_COLLECTED DATA_
►

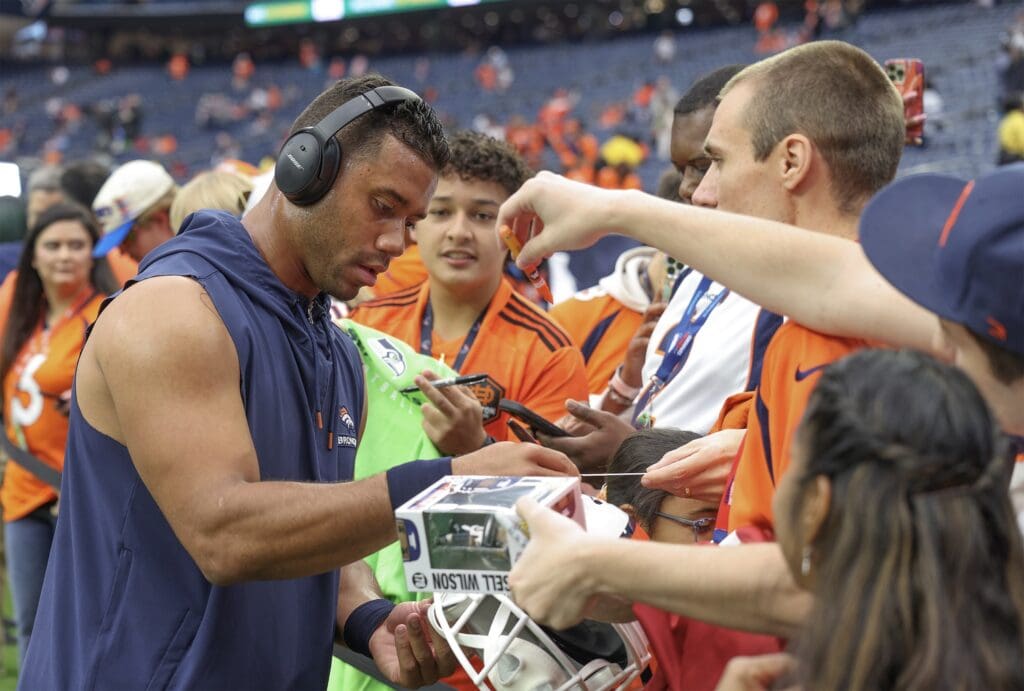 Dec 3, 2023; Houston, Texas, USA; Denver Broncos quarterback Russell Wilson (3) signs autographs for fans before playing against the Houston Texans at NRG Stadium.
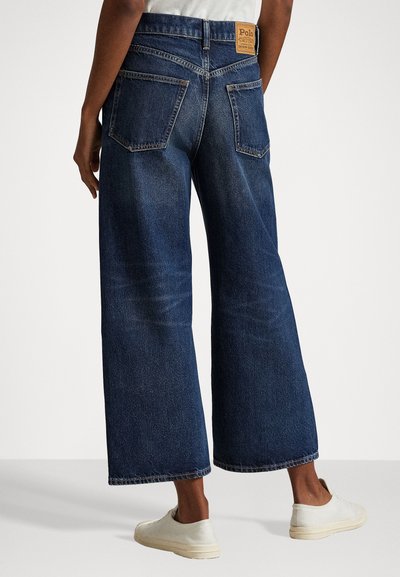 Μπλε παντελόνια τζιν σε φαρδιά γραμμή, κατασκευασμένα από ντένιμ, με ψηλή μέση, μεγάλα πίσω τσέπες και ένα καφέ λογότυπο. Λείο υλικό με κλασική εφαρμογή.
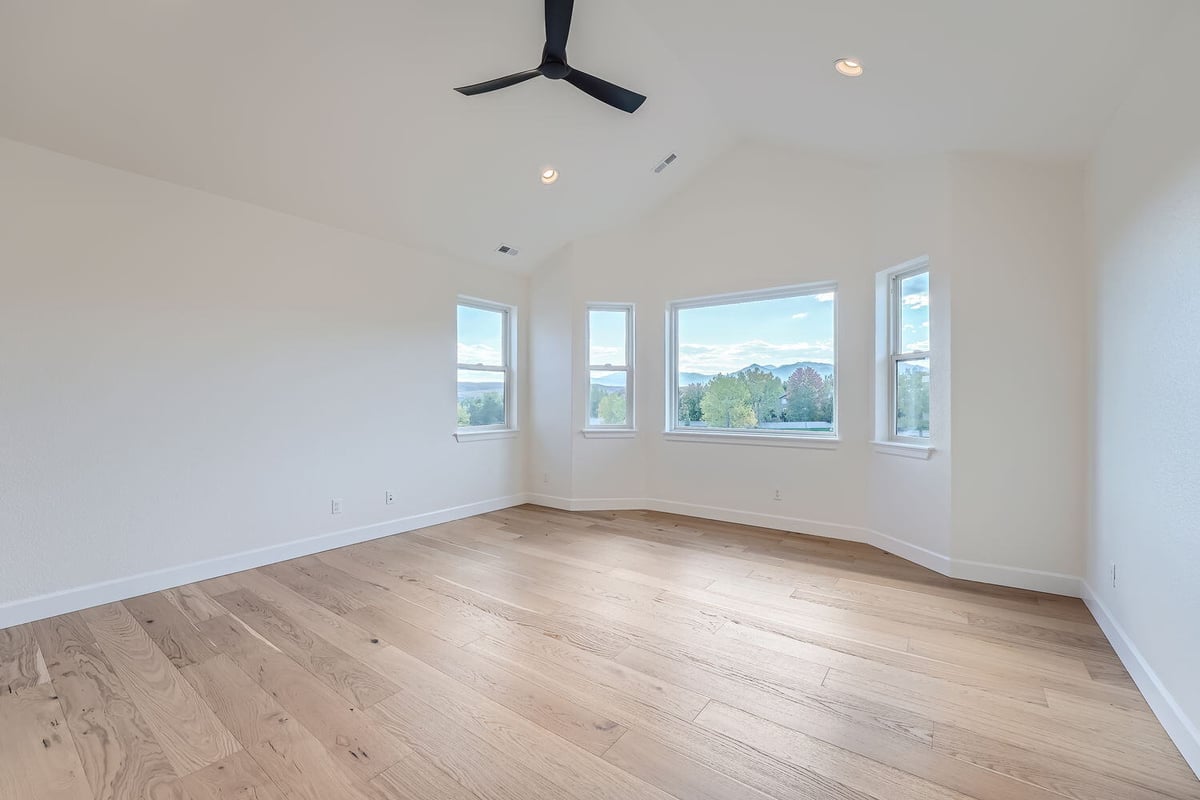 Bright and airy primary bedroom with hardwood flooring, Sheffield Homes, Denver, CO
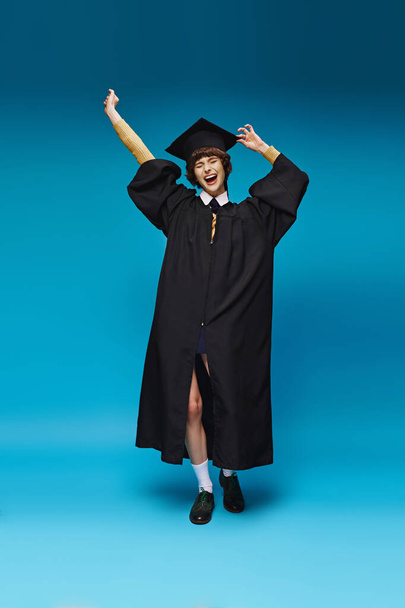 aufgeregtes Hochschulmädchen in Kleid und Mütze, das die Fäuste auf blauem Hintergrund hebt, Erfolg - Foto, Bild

◄

The lines from the start of the data through the line that contains "Bright and airy" are to be returned exactly, please, with both ends included and every picture left out.

 Dec 3, 2023; Houston, Texas, USA; Denver Broncos quarterback Russell Wilson (3) signs autographs for fans before playing against the Houston Texans at NRG Stadium.
 Μπλε παντελόνια τζιν σε φαρδιά γραμμή, κατασκευασμένα από ντένιμ, με ψηλή μέση, μεγάλα πίσω τσέπες και ένα καφέ λογότυπο. Λείο υλικό με κλασική εφαρμογή.
 Bright and airy primary bedroom with hardwood flooring, Sheffield Homes, Denver, CO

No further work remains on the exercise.